| EXERCISE DIRECTIONS |
Every line of the listing belongs in your answer exactly as written; the images do not.

| DATA SEGMENT |
++++++

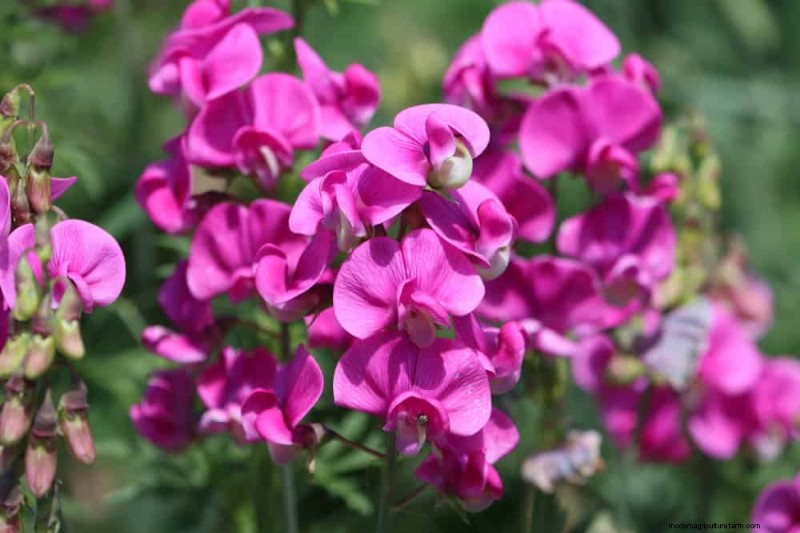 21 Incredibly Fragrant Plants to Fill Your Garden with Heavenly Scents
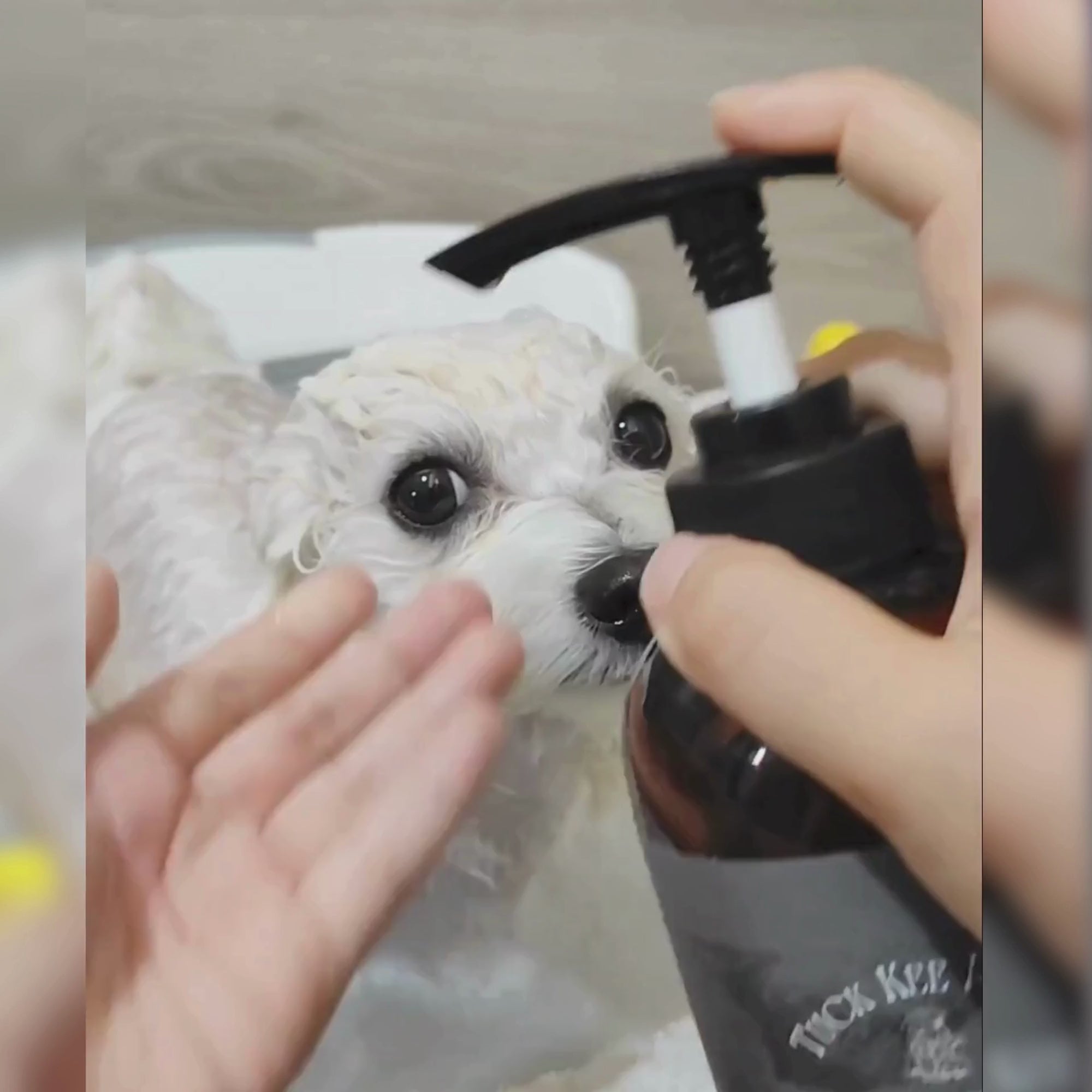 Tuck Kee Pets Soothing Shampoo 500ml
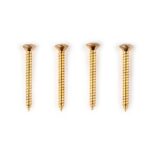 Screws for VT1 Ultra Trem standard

++++++

| SOLUTION TO THIS PROBLEM |
 21 Incredibly Fragrant Plants to Fill Your Garden with Heavenly Scents
 Tuck Kee Pets Soothing Shampoo 500ml
 Screws for VT1 Ultra Trem standard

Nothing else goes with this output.